Northwest Indian Fisheries Commission, www.nwifc.org
When Sierra Pacific replaced an inadequate culvert with a 45-foot bridge over a tributary to the Skagit River, enough sediment had accumulated behind the fish barrier to fill 30 dump trucks.
Biologists with the Skagit River System Cooperative (SRSC) monitored the channel, habitat quality and fish distribution before and after the 2008 culvert removal in Hooper Creek near Concrete.

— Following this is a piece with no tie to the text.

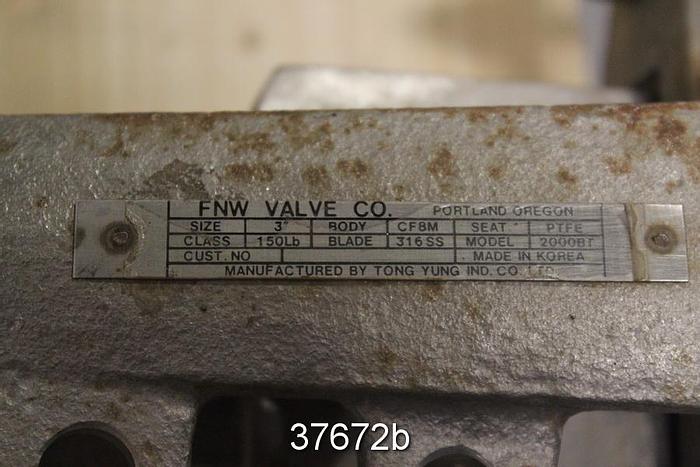 Used FNW 3" Hand Operated Knife Gate Valve, 2000BT #37672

SRSC is the natural resources management arm of the Swinomish and Sauk-Suiattle tribes.
As the landowner, forest products company Sierra Pacific is required to fix culverts that block fish passage.
Forest and fish biologist Mike Olis was pleasantly surprised to discover an increase in habitat quality downstream of the project area. A year after the bridge was built, Olis counted almost three times the number of the large pools (with at least 3 square feet of surface area and 1 foot of residual depth) fish need to feed, rest and stay cool.

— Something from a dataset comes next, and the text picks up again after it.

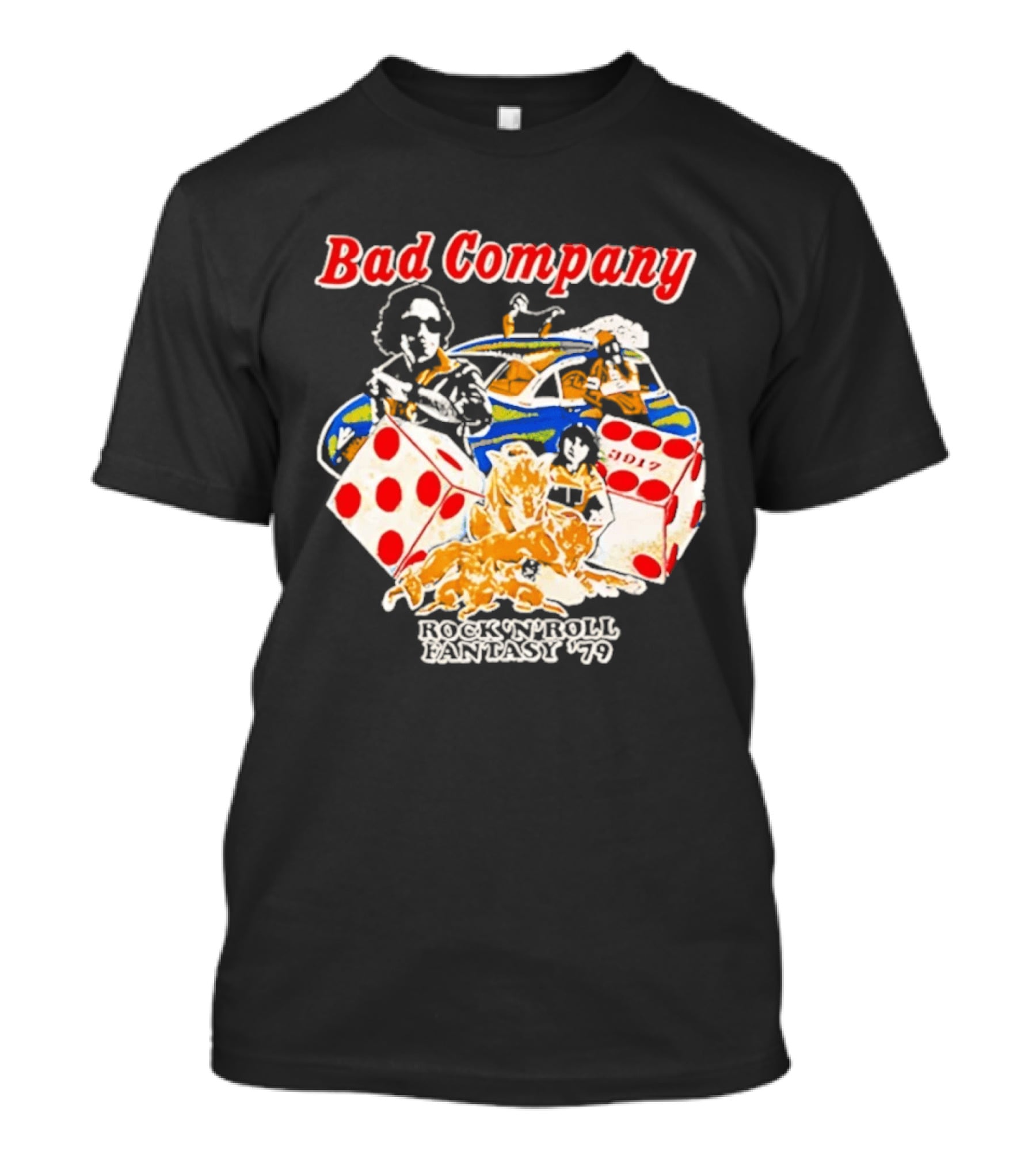 Bad Company Rock N Roll Fantasy '90 Dice And Muscle Car T-Shirt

“We were expecting some pool-filling from the released sediment,” he said. “The increase in pools is good for the fish.”
Hooper Creek’s resident cutthroat trout quickly took advantage of the newly accessible habitat. In 2009, a year after the project was completed, surveys found 23 trout above the new bridge, including one as far as about a half mile upstream. In 2010, there were 137 fish. Of those 101 were younger than one year.
Coho also spawn in Hooper Creek, but year-to-year spawner surveys don’t necessarily reflect changes in habitat following the culvert removal because run sizes vary. More coho were seen spawning after fish passage was restored, but there also was a larger coho run that year. What the numbers do show, however, is that the release of 300 cubic yards of sediment didn’t have a negative effect on coho spawning.